Unsuspected colchicine overdose in a female patient presenting as an acute abdomen.
We report a case of multi-system organ failure as a result of unsuspected colchicine overdose in a patient with known gout and bulimia nervosa. The patient had initially presented with mild gastrointestinal symptoms with rapid progression to fulminant hepatic failure and multiple organ dysfunction before the causative agent was identified. The patient survived with aggressive intensive care support and ongoing medical treatment. Physicians should be aware of the risk assessment based on the ingested dose, that the clinical presentation of colchicine in toxic doses may be nonspecific with high potential for severe morbidity or death and that survival may occur despite multiple organ failure requiring aggressive support.
Key Words: colchicine, overdose, toxicology, poisoning, hepatic failure
Colchicine is a drug traditionally used in the treatment of acute gout. Toxicity is uncommon but has a high risk of mortality. Suicide attempts with colchicine are uncommon; however, therapeutic overdose can occur in patients with hepatic, renal or gastrointestinal disease. We report the case of a female presenting with diffuse gastrointestinal symptoms progressing to acute hepatic failure and multiple organ dysfunction, diagnosed as resulting from colchicine overdose after being listed for liver transplant for four days. Further history revealed access to colchicine. The patient survived after a 62-day admission.
A 34-year-old woman presented to hospital with a seven-hour history of nausea, vomiting and generalised abdominal pain of sudden onset. She was previously investigated for a three-month history of bloatedness and constipation, and was on triple therapy for suspected H. pylori without endoscopic biopsy diagnosis. She had a past history of gout and active bulimia. She was taking eight paracetamol tablets per day plus tramadol and was taking up to 20 docusate and senna tablets per day. She had never been prescribed colchicine. She had a moderate alcohol habit.
On examination she was euvolaemic, temperature 38[degrees]C, blood pressure of 109/76 mmHg and oxygen saturations of 100% on room air. Her abdomen was soft and non-distended with 'sluggish' bowel sounds and right-sided generalised tenderness. The examination was otherwise unremarkable.

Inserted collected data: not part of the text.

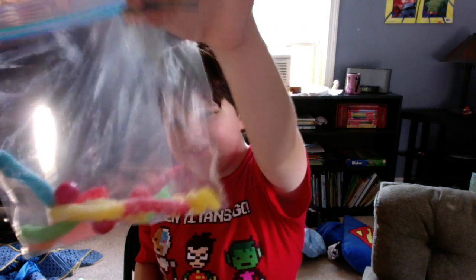Hey guys, my name is Connor, or Echo Night, and today I'm doing one of the dumbest challenges ever — the Sour Challenge.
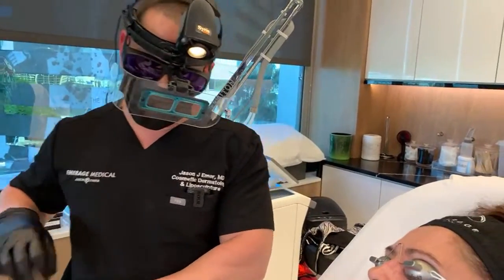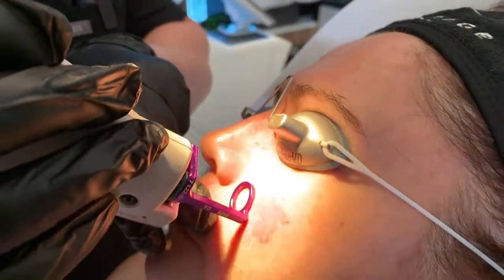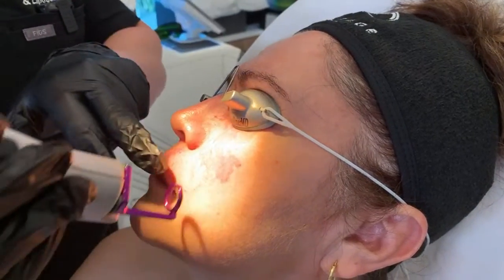If you go too fast it causes white patches and holes in the skin — you don't want that. You want the skin to heal naturally. So let's do a pulse and see. Look at that — you see that purple-blue? This is literally destroying the blood vessels that are causing this clump here.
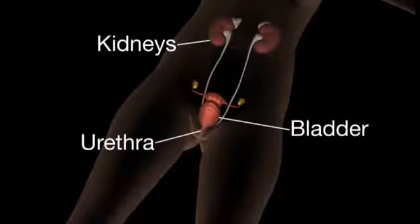Here we see an illustration of some of the key parts of the urinary system: the kidneys, the bladder, and the urethra.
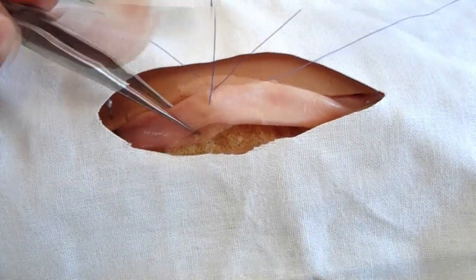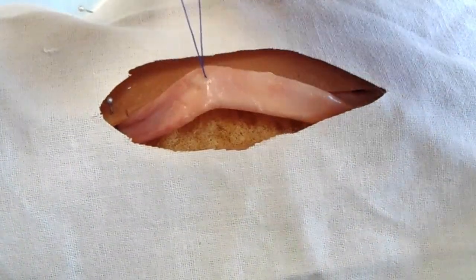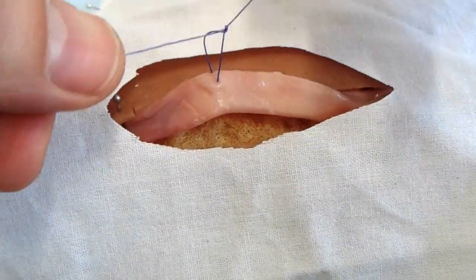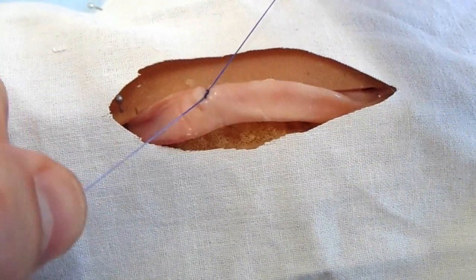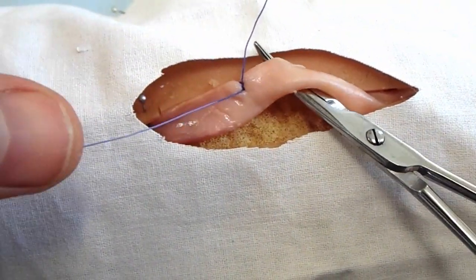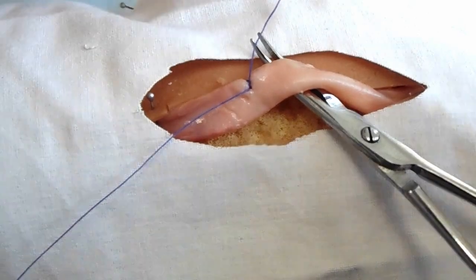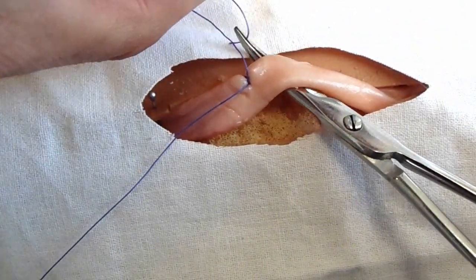After suturing through the vessel diameter with an atraumatic needle, a surgical knot is made on one side of the vessel in the proximal part of the operative wound. By means of mosquito forceps, one filament is put round the second half of the vessel and a simple knot is made.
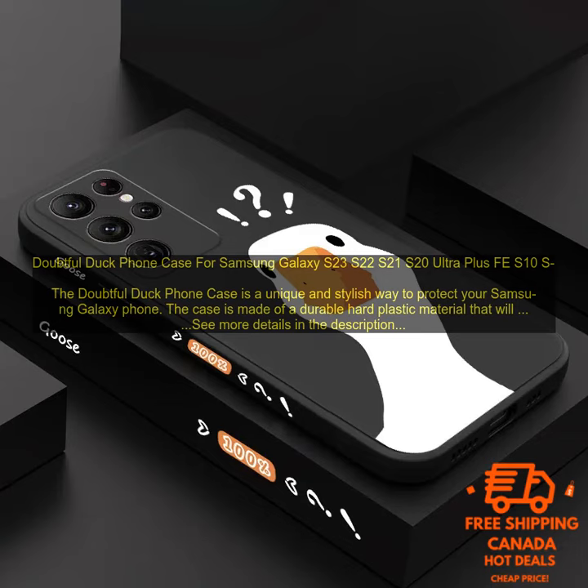One of the best things about the Doubtful Duck Phone Case is its unique design. The case features a cartoon duck character that is sure to turn heads. The case is also available in a variety of colors, so you can find one that matches your personality.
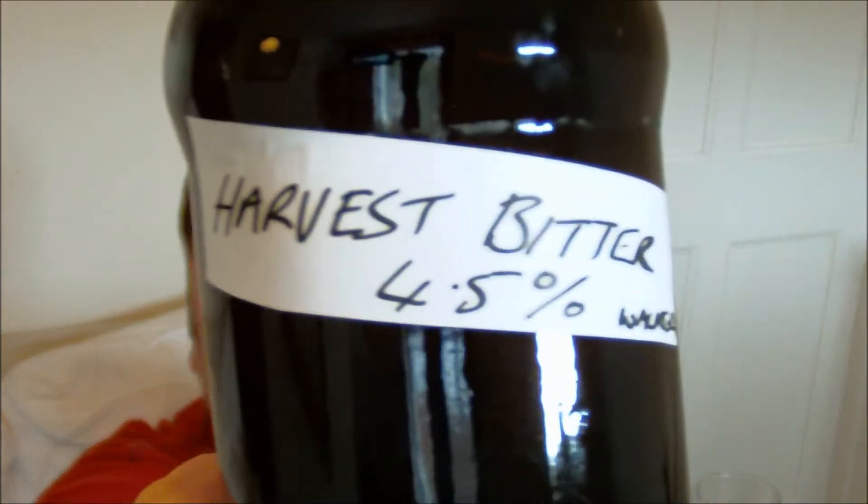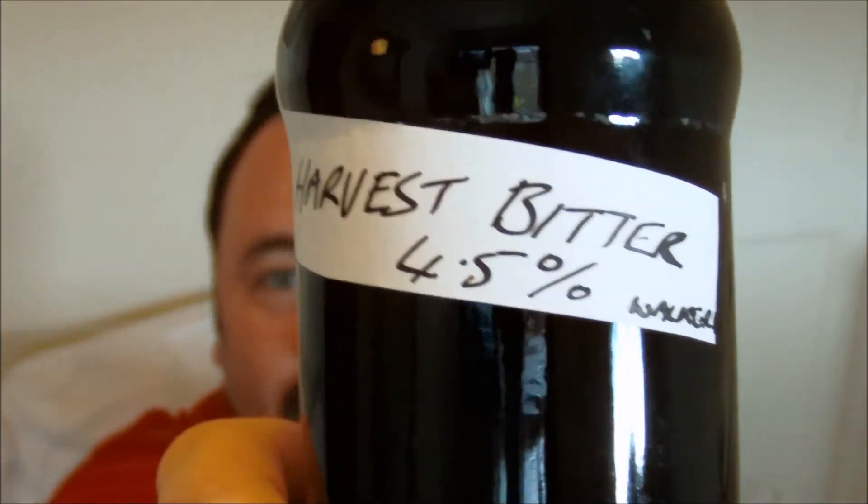Hey guys, Jonah here once again and we've got another homebrew review for you. This one is Harvest Bitter 4.5, another one of Beer Lover 1983's brews. So I'm looking forward to this one.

The initial clinical impression was that of viral gastroenteritis with intravenous fluids and antiemetics prescribed and the patient was admitted for observation. Her haematology and biochemistry results showed neutrophilia with a white cell count of 15.8 x [10.sup.9]/l, potassium of 2.4 mEq/l and derangement of liver function tests (bilirubin<20 [micro]mol/l, ALP (N<135) 161 U/l, GGT (N<60) 43 U/l, ALT (N<40) 108 U/l, albumin 43 g/l) and amylase of 141 U/l. A serum paracetamol level performed on her presentation blood sample five days after her admission was less than 10 mg/l. The patient's pain had localised to the right upper quadrant with guarding. A general surgeon was consulted and an urgent ultrasound demonstrated a thick-walled gall bladder without evidence of obstruction. She was admitted with the diagnosis of biliary sepsis and commenced on intravenous antibiotics.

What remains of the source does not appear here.